● **Exercise aim**:
With images removed, return the whole listing exactly as written.

● **Dataset section**:
BEGIN

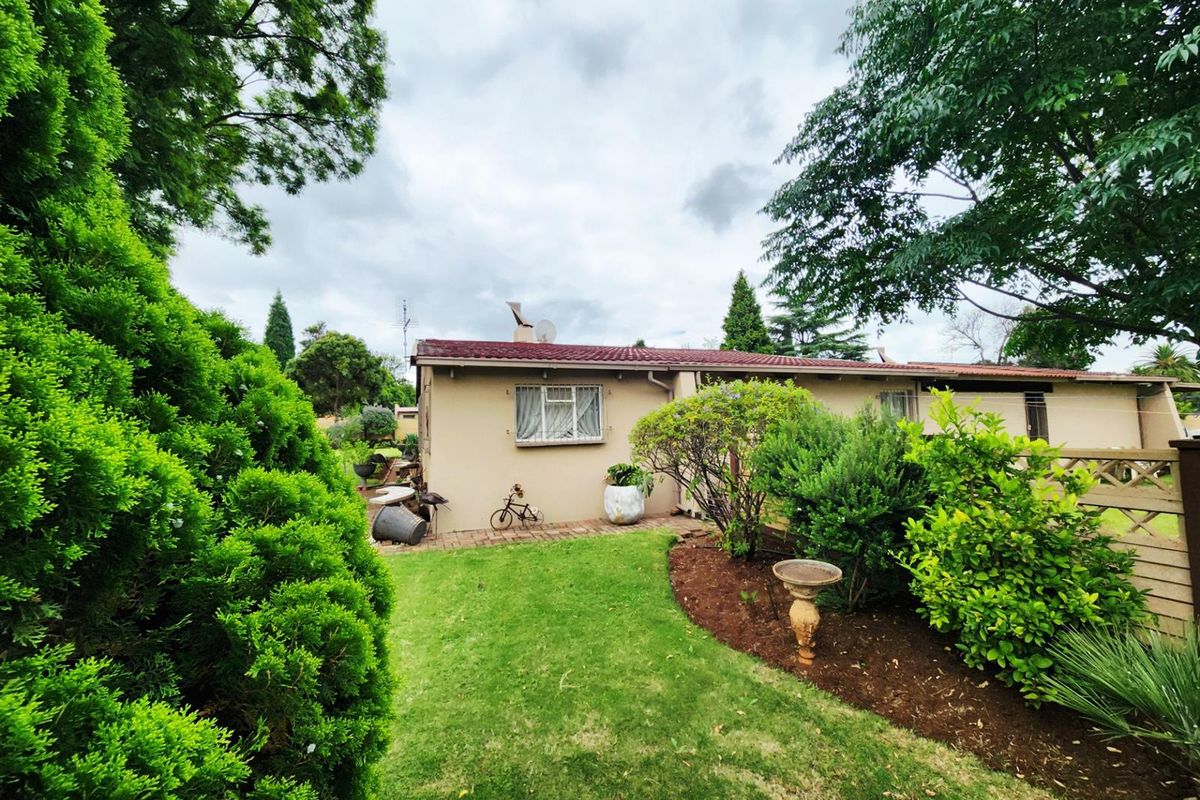 Spacious 4-Bedroom Family Home with Borehole for Sale in Valhalla, Centurion - Photo 2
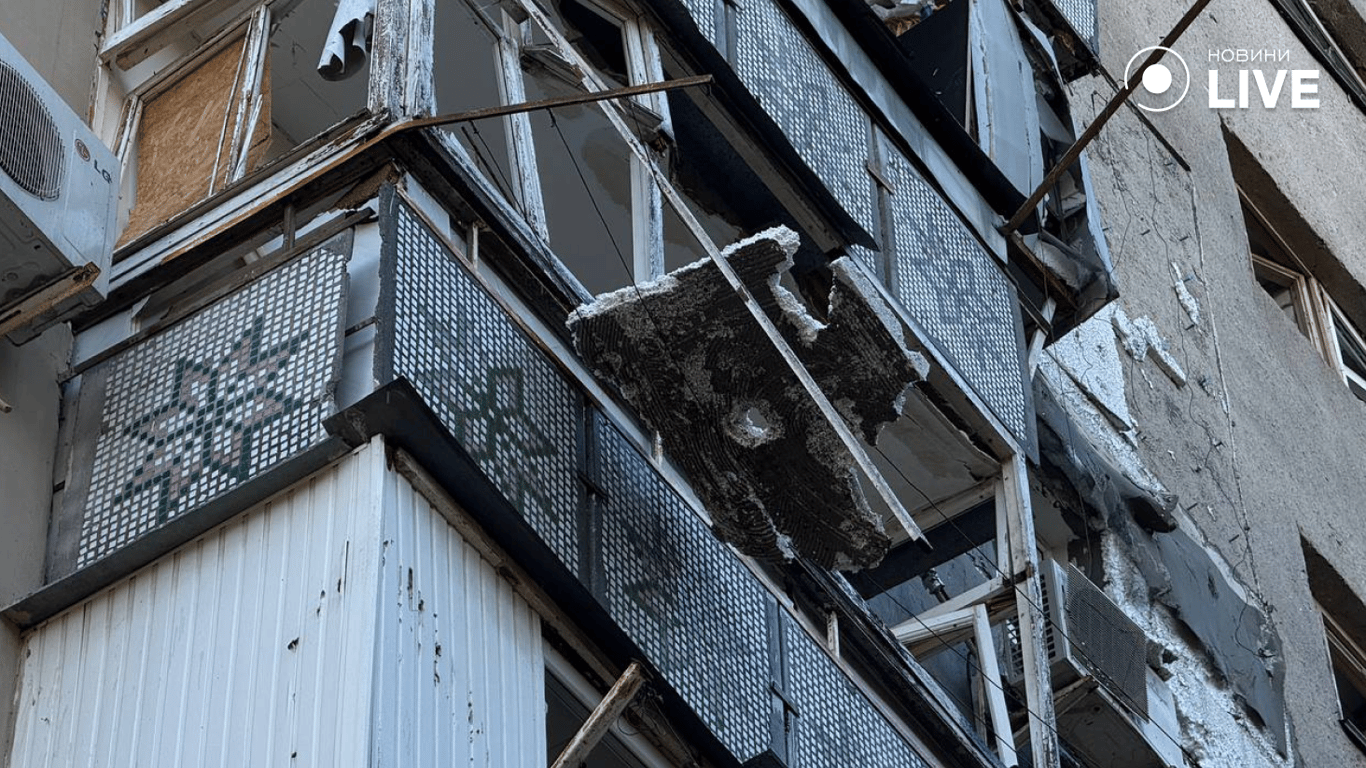 Дрон влучив у будинок в Одесі — фото наслідків атаки на ранок - фото 6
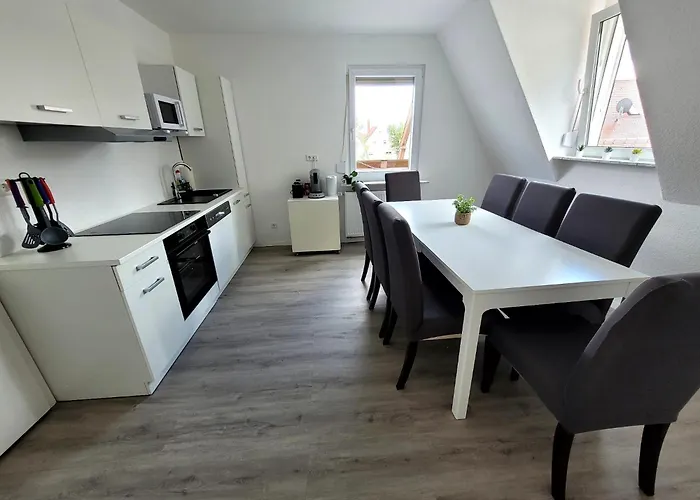 Fischer 2 - Geraeumige Monteurs- & Mit 4 Schlafzimmern - Neu Renoviert Mit Privater Terrasse, Smart-tv & Voll Ausgestatteter Kueche - Ideal Fuer Arbeit, Gruppen & Familien * Villingen-Schwenningen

END

● **Task output**:
 Spacious 4-Bedroom Family Home with Borehole for Sale in Valhalla, Centurion - Photo 2
 Дрон влучив у будинок в Одесі — фото наслідків атаки на ранок - фото 6
 Fischer 2 - Geraeumige Monteurs- & Mit 4 Schlafzimmern - Neu Renoviert Mit Privater Terrasse, Smart-tv & Voll Ausgestatteter Kueche - Ideal Fuer Arbeit, Gruppen & Familien * Villingen-Schwenningen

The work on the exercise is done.